Liputan6.com, Jakarta - Pemerintah Tokyo dilaporkan akan meluncurkan aplikasi kencannya sendiri pada awal musim panas tahun ini. Upaya ini dilakukan sebagai bagian untuk meningkatkan angka kelahiran nasional Jepang yang terpuruk.
Dikutip dari Japan Today, Rabu, 5 Juni 2024, pengguna aplikasi kencan ini akan diminta untuk menyerahkan dokumen yang membuktikan bahwa mereka secara hukum masih lajang dan menandatangani surat pernyataan untuk bersedia menikah.
Advertisement
"Kami mengetahui bahwa 70 persen orang yang ingin menikah tidak secara aktif mengikuti acara atau aplikasi untuk mencari pasangan," kata seorang pejabat Pemerintah Tokyo yang bertanggung jawab atas aplikasi baru tersebut pada hari Selasa, 4 Juni 2024 kepada AFP.
"Kami ingin memberi mereka dorongan lembut untuk menemukannya," tambahnya.
Pengguna aplikasi kencan ini juga akan diminta untuk memaparkan penghasilan dengan slip pajak untuk membuktikan gaji tahunan mereka. Wawancara juga akan diperlukan untuk mengonfirmasi identitas pengguna sebagai bagian dari proses pendaftaran aplikasi yang sudah diuji coba secara gratis sejak akhir tahun lalu.

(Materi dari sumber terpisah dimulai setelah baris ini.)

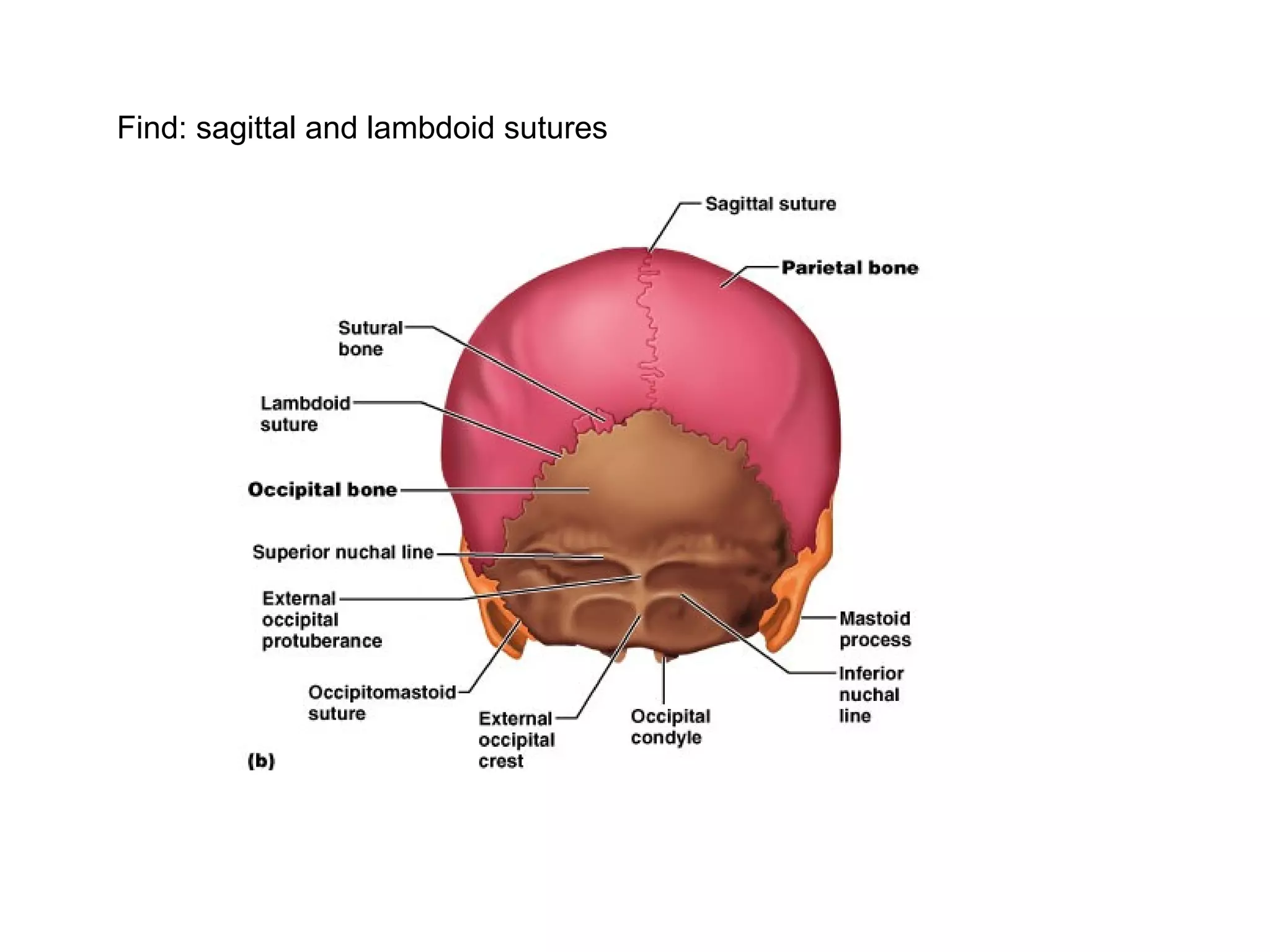 Find: sagittal and lambdoid sutures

Nyatanya, hal ini tidaklah aneh bagi pemerintah Tokyo. Jepang mengalami penurunan angka kelahiran hingga ke titik terendah pada 2023. Langkah ini bisa disebut cukup eksentrik, mengingat belum pernah ada pemerintah yang sampai harus turun tangan membuat aplikasi kencannya sendiri.
Banyak pengguna media sosial berpandangan skeptis terhadap rencana tersebut. Salah satunya mempertanyakan, "Apakah ini sesuatu yang harus dilakukan pemerintah dengan uang pajak kita?"
Tapi, dukungan juga datang dari warganet yang pro. Salah satunya menulis bahwa mereka tertarik karena akan merasa lebih aman dengan aplikasi kencan yang terverifikasi semacam ini.
Jepang Alami Resesi Pernikahan dan Kelahiran
Tahun lalu, Jepang mencatat dua kali lebih banyak kematian bayi baru lahir. Angka kelahiran telah turun selama delapan tahun berturut-turut menjadi 758.631, di mana turun sebesar 5,1 persen menurut data Pemerintah Jepang. Sedangkan, angka kematian mencapai 1.590.503 di tahun yang sama.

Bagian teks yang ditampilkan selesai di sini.